I have been thinking of three small but rich and highly successful jurisdictions which have today adopted a fixed exchange rate regime – Switzerland, Hong Kong and Luxembourg. The statistical properties of recent exchange rate behaviour in these three countries might be very similar, but the legal and institutional underpinnings are very different. A de-pegging event would play out very differently in these three cases.
Switzerland has temporarily pegged its currency (the Swiss franc) to the euro through an executive decision of its central bank. There is no statutory basis for this peg. Technically, the Swiss have put a floor (and not a peg) on the EUR/CHF exchange rate (Swiss francs per euro); but given the massive upward pressure on the franc, the floor is a de facto peg.
Exiting this peg would be very easy through another executive decision of the central bank. The only real costs would be (i) the exchange losses on the euros bought by the Swiss central bank, and (ii) probably a modest loss of credibility of the central bank. I would imagine that a significant uptick in the inflation rate in Switzerland would be sufficient to cause the central bank to drop the peg and accept these costs.

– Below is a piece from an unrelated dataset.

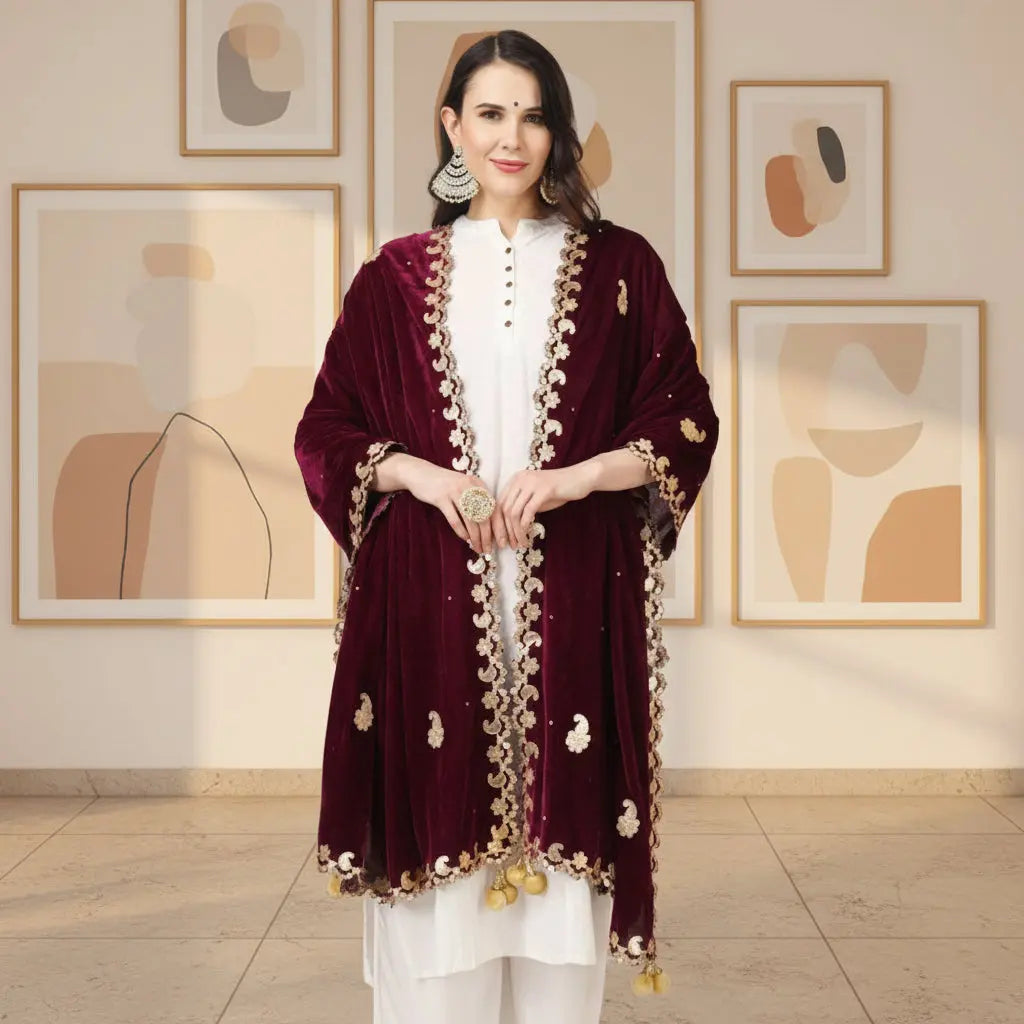Women's Velvet Gotta Patti Dupatta (Purple, Length: 2.25 to 2.50 Mtr) Kashvii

Hong Kong’s peg to the US dollar is much stronger and longer. It has lasted a whole generation and is enshrined in a formal currency board system. Having survived the Asian crisis, the peg is regarded as highly credible. Yet, it would be very easy to change the peg or even to remove the peg completely. In fact, my reading of the statutes is that this could happen through an executive decision of the government without any changes in the law.

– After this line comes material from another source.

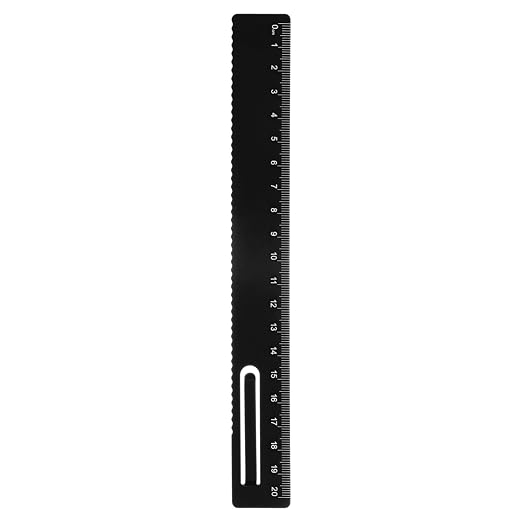 HARFINGTON Straight Ruler 20cm Metric Metal Aluminum Alloy Measuring Bookmark Clip Ruler Scale Tool for Measure Study Reading Classroom Office, Black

Indeed, there is a significant probability that over the course of the next decade, the HK dollar would be unpegged from the US dollar and repegged to the Chinese renminbi. This change could happen quite painlessly and without any legal complications.
Luxembourg has adopted the euro as its currency. This means that leaving the euro and recreating its own currency would be a legal nightmare. The doctrine of lex monitae asserts that each country exercises sovereign power over its own currency, and that it is the law of that country which determines what happens when a currency is changed. This might appear to give enough leeway to the Luxembourg government to do whatever it wants.

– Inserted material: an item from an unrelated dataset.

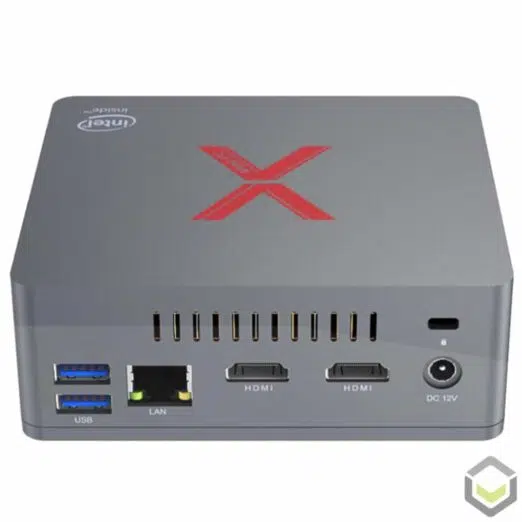 Beelink BT3-X Windows 10 Mini PC HTPC ; Rear View showing Cooling Vent, Kensington Lock, DC 12V PSU Port, Dual HDMI 1.4 Output, RJ45 1GB/s Ethernet LAN and 2 USB Type A 3.0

However, in a cross border contract, the other party would argue that the term “euro” in the contract did not refer to the currency of Luxembourg at all, but to the currency of the euro area as governed by various EU treaties. This argument may not help if the contract is governed by Luxembourg law because the local courts are likely to interpret lex monitae very broadly. But if the contract were governed by English law (as is quite common in international contracts), it is quite likely that the English courts would take the EU interpretation. Assuming that the UK remains a member of the EU, its courts might not have any other choice.
I am beginning to think that we tend to focus too much on the role of money as a medium of exchange or as a store of value. If we do this, it appears that all the three countries have surrendered their monetary sovereignty to an equal extent. But the role of money as a unit of account is extremely important. Of the three countries described above, only Luxembourg has (arguably) surrendered its sovereignty on the unit of account. This loss of sovereignty is the most damaging of all.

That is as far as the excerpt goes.